Brincamos. É natural brincarmos. Brincar faz-nos rir, brincar tira-nos do sério. Brincar é estar em outro mundo, proceder de outra maneira. É baralhar as cartas, é até jogar às cartas. É rir, é dizer coisas disparatadas, é fazer coisas disparatadas, é tirar umas férias de quem somos, ou de quem somos habitualmente. Brincar é bom. Podemos até pensar que brincar é inato. É-o mas temos sempre uma ajudinha: brinquedos, um quarto só para nós, uma idade em que é esperado que brinquemos. É esperado, é natural fazê-lo e alarmante se o não fizermos:
- O Zezinho não brinca… estranho…
Brincamos em conjunto, com amigos:
- onde vão vocês?
- vamos lá para fora brincar!
Ou brinca-se sozinho:
- onde está o João?
- está no quarto a brincar.
Brinca-se a tudo: com bola, sem bola, com bonecos, com cordas, com amigos reais ou irreais, brinca-se com gente da nossa idade e com gente de outra idade.

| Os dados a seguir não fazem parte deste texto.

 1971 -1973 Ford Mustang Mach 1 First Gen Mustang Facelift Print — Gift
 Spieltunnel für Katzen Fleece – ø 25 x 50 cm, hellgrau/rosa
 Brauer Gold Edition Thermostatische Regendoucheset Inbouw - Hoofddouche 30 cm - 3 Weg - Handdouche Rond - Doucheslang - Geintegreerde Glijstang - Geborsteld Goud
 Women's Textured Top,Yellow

Brincar é de facto baralhar as cartas. É, antes, sermos nós a baralhar as cartas: é a mais brilhante experiência telúrica.
Brinca-se com carrinhos, com pistolas, com bonecas choronas, com legos, com paus, com espelhos, com a maquilhagem das mães, com os sapatos dos pais; brinca-se aos carros, brinca-se às mães, aos médicos, às lutas…

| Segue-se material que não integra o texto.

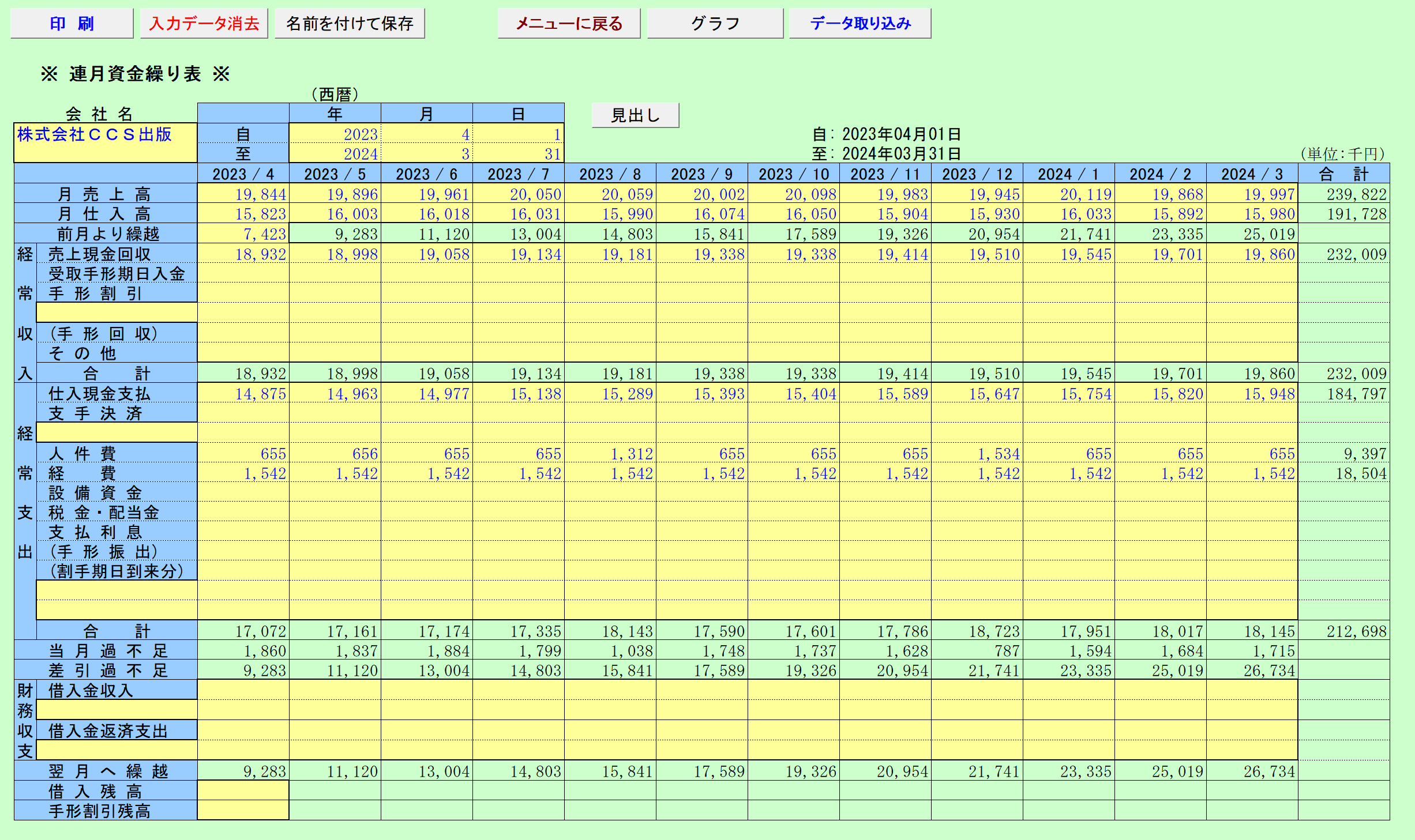 連月資金繰表　データ入力シート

Depois vai-se deixando de brincar assim. Brincar deixa de ser chamado assim, também. Passa a ser chamado jogar:
- o que vão fazer lá fora?
- vamos jogar à bola!
Muda também a brincadeira. Brinca-se então não por ímpeto, mas quase por acidente, por uma fuga esporádica, imprevista, ao real:
- Não me leves a sério, estava só a brincar contigo.
O tempo passa e a brincadeira – aquela brincadeira experiência telúrica, de magia – acontece acidentalmente, apenas:
- ontem saímos todos e foi uma pândega pegada.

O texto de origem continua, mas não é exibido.